Acordam, em conferência, na 1ª Secção do Supremo Tribunal Administrativo:
1- RELATÓRIO
1. 1 A…, advogada, residente na Quinta …, …, …, … e B…, casada, residente na Quinta …, …, …, …, vêm, ao abrigo do disposto nos artigos 109º e seguintes do CPTA, requerer intimação judicial para protecção de direitos, liberdades e garantias, contra o Primeiro-Ministro e o Ministro do Ambiente, no sentido de estes “se absterem de praticar qualquer acto que ponha em causa os princípios constitucionais e legais do nosso ordenamento jurídico, nomeadamente, qualquer acto administrativo que possibilite as anunciadas demolições, sem a existência dos respectivos títulos executivos.

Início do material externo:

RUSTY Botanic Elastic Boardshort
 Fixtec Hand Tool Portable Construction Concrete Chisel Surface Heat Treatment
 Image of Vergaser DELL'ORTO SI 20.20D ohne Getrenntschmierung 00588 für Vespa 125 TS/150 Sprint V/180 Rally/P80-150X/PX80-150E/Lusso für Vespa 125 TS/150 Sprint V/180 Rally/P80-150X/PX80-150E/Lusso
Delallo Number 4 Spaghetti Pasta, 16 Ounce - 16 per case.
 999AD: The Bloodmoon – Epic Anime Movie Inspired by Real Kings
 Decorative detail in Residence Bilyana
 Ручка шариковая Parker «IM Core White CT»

Para o efeito, alegam, em resumo, o seguinte:
- De acordo com notícias divulgadas, nos dias 18 e 19 de Setembro de 2004, pelos jornais … e … e pelos canais de televisão …, …, RTP 1 e RTP 2, o Requerido Ministro do Ambiente tinha a intenção de proceder à demolição de 4 moradias, sitas no Parque Nacional da Arrábida, «com inicio na próxima semana»;
- Ainda segundo tais notícias, algumas dessas casas situam-se na …;
- Por sua vez, em entrevista concedida à … pelo Primeiro-Ministro, foram confirmadas as informações veiculadas nos já aludidos meios de comunicação social, esclarecendo aquele, ainda, que se «tratava de dar cumprimento a decisões do STJ, relativamente às quais já há muito tempo o Ministério Público reclamava os meios necessários para as poder executar»;
- Sucede que entre essas casas se encontram as habitações permanentes das aqui Requerentes;
- Sendo que contra elas correm processos judiciais, ainda pendentes, no Tribunal da Comarca de Setúbal;
- É, por isso, patente que os processos em causa ainda não estão concluídos, não se encontrando, assim, reunidos os pressupostos legais para as anunciadas demolições;
- Ora, dada a qualidade funcional dos Requeridos, as Requerentes não podem deixar de considerar como sérias as declarações veiculadas nos órgãos de comunicação social, no sentido da demolição das suas casas;
- Só que, tais demolições, a ocorrerem sem existência do competente título executivo, violariam os seus direitos e garantias essenciais, perturbando o regular funcionamento da Justiça e atentando contra o princípio da separação de poderes, deste modo pondo em causa os princípios do Estado Democrático;
- São, por isso, obrigadas a aceder à via judiciária com o objectivo de obter o decretamento do pedido de intimação que aqui formulam, como única via de obviar a uma lesão iminente e irreversível de direitos e garantias constitucionalmente consagradas.
1. 2 O Primeiro-Ministro, tendo respondido, estrutura a sua defesa nos seguintes e resumidos termos:
- Uma vez que as Requerentes não aduzem elementos de natureza substantiva susceptíveis de consideração, não tendo, inclusivamente, demonstrado o preenchimento dos requisitos que permitem a utilização deste meio processual, a sua atenção irá incidir sobre “questões formais”;
- Assim é que, desde logo, importa realçar que o meio processual utilizado é impróprio face ao peticionado;
- Com efeito, estamos em face de um pedido típico de uma providência cautelar, não pretendendo as Requerentes obter uma decisão de fundo ou sobre o mérito da questão em litigio, antes procurando assegurar o tempo suficiente para que as sentenças a proferir nos processos em curso nos “tribunais comuns” possam manter utilidade;
- Ora, de acordo com o n º1, do artigo 109º do CPTA a intimação serve para impor providências (ou a sua ausência) que impliquem uma decisão de fundo;
- Acresce que as Requerentes não indicaram qual a posição jurídica que têm por ameaçada, limitando-se ao que apelidam de defesa de “direitos e garantias essenciais”, o que não é manifestamente suficiente e que, novamente, leva à já referida impropriedade do meio processual utilizado;
- Por outro lado, também ficou por demonstrar que, no caso em análise, fosse insuficiente a tutela cautelar, designadamente, através do decretamento provisório de medidas já por si provisórias;
- Finalmente, é patente a sua ilegitimidade passiva, uma vez que carece de competência para às supostas demolições, sendo que as atribuições relativas à demolição de edificações construídas ilegalmente em parques naturais são exercidas pelo Ministro do Ambiente e do Ordenamento do Território.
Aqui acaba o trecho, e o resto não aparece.